My boyfriend was adopted as a baby and reunited with his biological mother 10 years ago (he is now in his 40s).
Quite early on in our relatationship he admitted to having sexual feelings for his biological mother and told me that he would masturbate over her and fantasize about having sex with her. It was the first time he had ever told anyone about it.
I was a little taken aback but I know that it is not unusual for adopted sons to feel sexual attraction to their mothers and at the time I found it pretty harmless. They were just fantasies. Or so I thought.
Recently he has confessed to me that he is actually been having a full blown sexual relationship with her for 10 years! I was too shocked to say much. He also said that he used to have intercourse with her but that he hasn't lately but she sucks and wanks him off all the time when they are together (at least one weekend a month, sometimes two). I have told him that I don't want him to have intercourse with her anymore because that is just too much. Handjobs I can sort of live with. He agreed to that.
He says it is like she is a ***** who will pleasure him anytime he wants and that the orgasms she gives him are out of this world because they are so wrong. I also get the impression that he is using her sexually as punishment for abandoning him and he admits to being rough with her in a way he would never treat me.

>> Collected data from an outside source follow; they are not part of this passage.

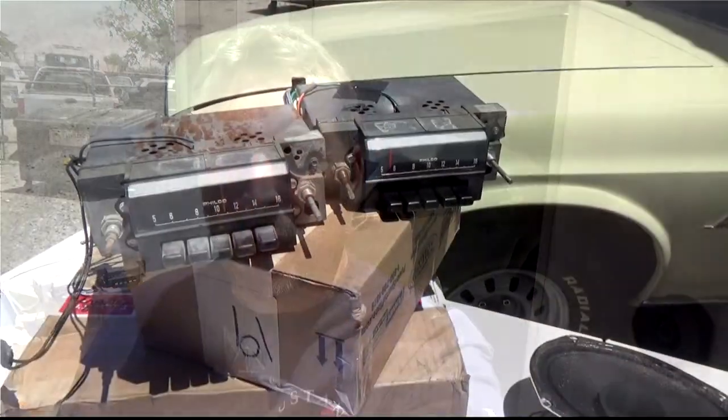Hey everybody, Rich with Mustang Connection. Behind me I've got the new stereo going in the 69 New Line. It's an AM setup. It used to be just an AM radio car, but now it's going to have AM FM and a full conversion.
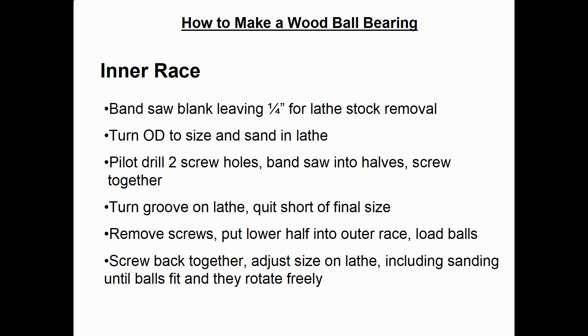Now you're ready to make the inner race. Bandsaw a round blank leaving about a quarter inch of material to remove on the lathe. Put it on the lathe, turn the outside diameter to size, then sand it while it's in the lathe. At this point, pilot drill the two screw holes you'll need to hold the two halves of the inner race together. Put two screws in, screw it together, then put it on the lathe and start turning the groove. Just like on the outer race, quit before you get to the final size. Take it off the lathe, remove the screws, and see if it fits with the outer race and the balls in that half of the inner race. If it doesn't fit, screw it back together, take it to the lathe, and keep adjusting — probably with sanding — until everything fits nicely and rotates freely.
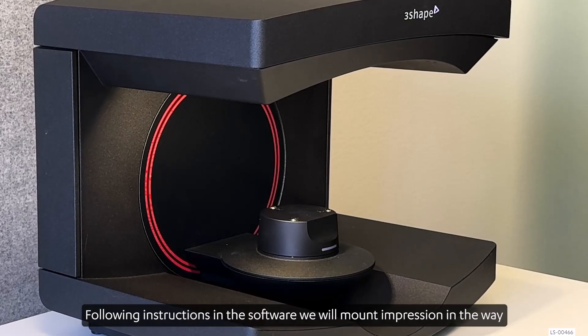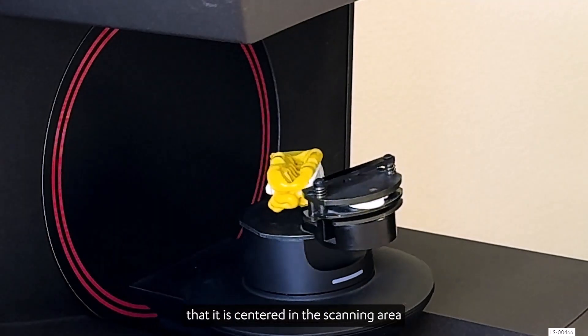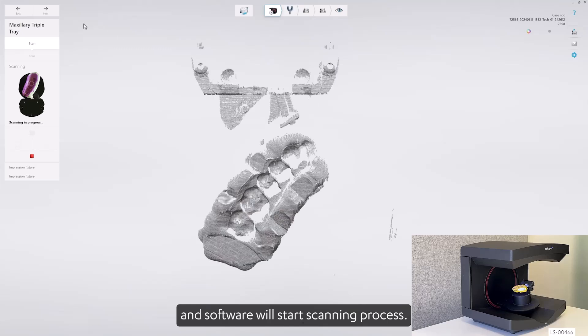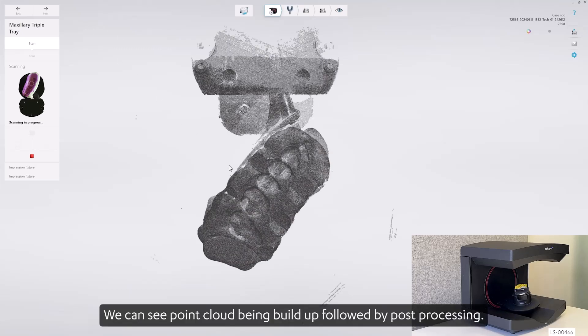Following the instructions in the software, we will mount the impression so that it is centered in the scanning area, and the software will start the scanning process. We can see the point cloud being built up, followed by post-processing.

I am trying my best to not be judgemental and to understand that this is a psychological disorder and not being crazy or perverted. And to appreciate the trust he has placed in me by confessing this to me and while I have no feelings of jealousy towards the mother the fact that they are having a sexual relationship bothers me terribly as it is just so so wrong and I worry very much about the implications...
I don't know what to do. I wish he had never told me as I don't know what to do with this knowledge. I want to help him stop this as it cannot be anything but extremely emotionally damaging but how?? He is not in love with her, it is clearly only a sexual attraction and not a romantic one. Apart from this he is a well adjusted person who has a succesfull career, many friends, very close to his adopted family who are all lovely people.
My knowledge of psychology is limited and there is no way he would confide in a therapist, I am the only person in the world who knows. And tbh I don't get the impression he really wants to stop having sex with her because the sensation and attraction is so intense. He did stop for a while in the beginning of our relationship but it has since then started again. He also says that his biggest desire is for me to watch her suck him off and that most of the time when she is pleasuring him he is looking at photos of me. And while I guess I could watch it I feel it is wrong of me to encourage this unhealthy relationship.
Please help me, I don't know what to do? I am trying to not judge or be harsh and to accept and be understanding but still subtly let it show that it worries me and I have said that I do not think it is healthy. How can I help without making him see a therapist? Is there any hope that he will one day stop this, that it will just fizzle out?